--- INSTRUCTIONS TO FOLLOW ---
What you give back should be exactly the lines from the one with "Мини погрузчик Mustang 2076" through the end of the data, without the pictures.

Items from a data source
::::
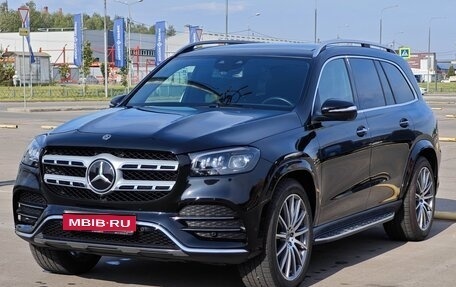 Mercedes-Benz GLS, 2022 год, 10 900 000 рублей, 1 фотография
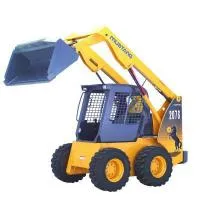 Мини погрузчик Mustang 2076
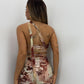 VESTIDO FLORE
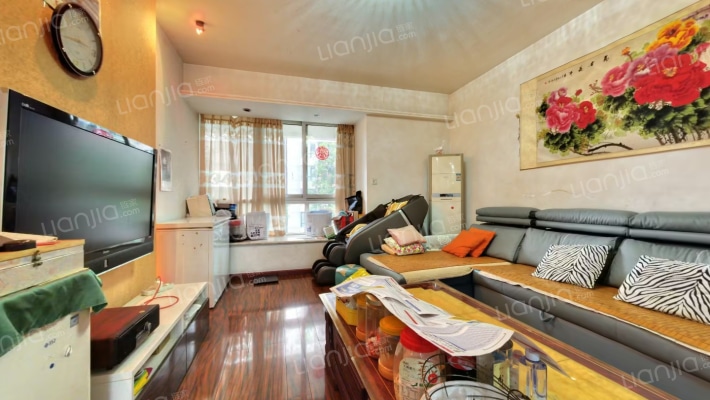 蓝谷地三四期二手房实景图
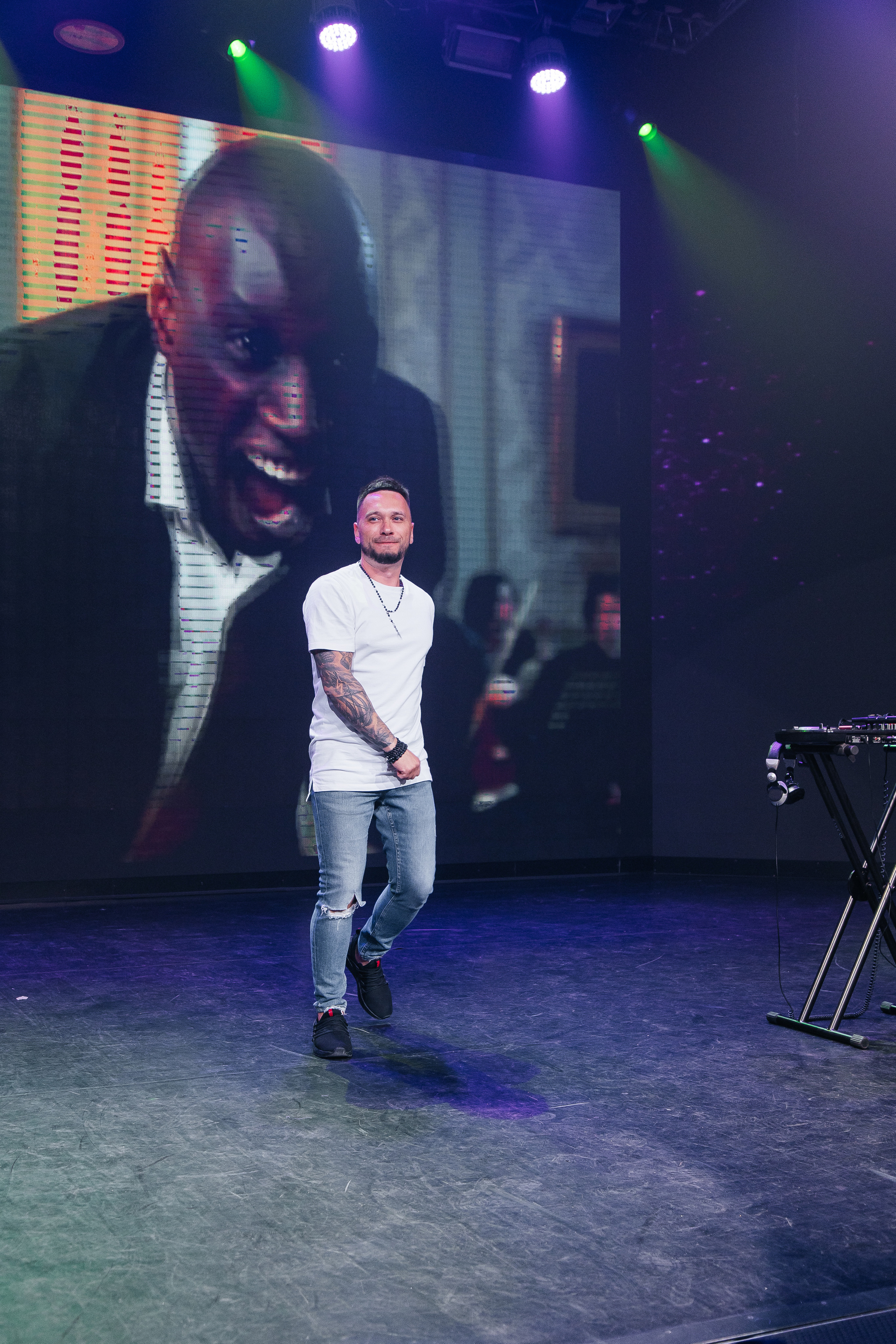 Conference Permanent Makeup. Фотограф Денис Лесковский (Тюмень)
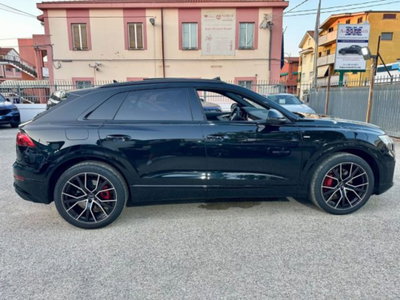 Audi Q8 Q8 50 TDI 286 CV quattro tiptronic Sport (11)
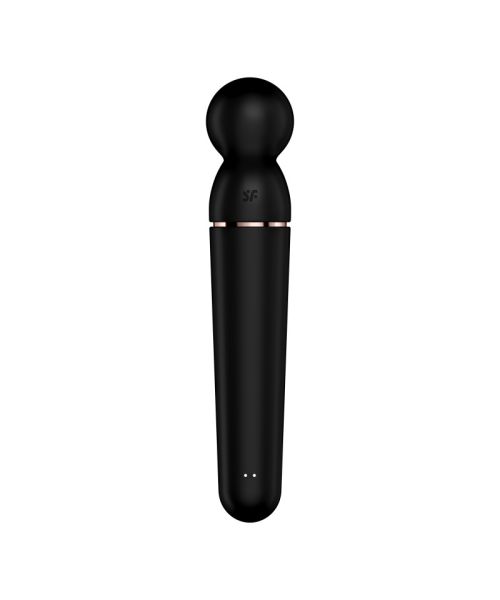 Вибромассажер Planet Wand-er цвет: черный Satisfyer (Германия)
::::
--- OUTPUT FOR THIS TASK ---
 Мини погрузчик Mustang 2076
 VESTIDO FLORE
 蓝谷地三四期二手房实景图
 Conference Permanent Makeup. Фотограф Денис Лесковский (Тюмень)
 Audi Q8 Q8 50 TDI 286 CV quattro tiptronic Sport (11)
 Вибромассажер Planet Wand-er цвет: черный Satisfyer (Германия)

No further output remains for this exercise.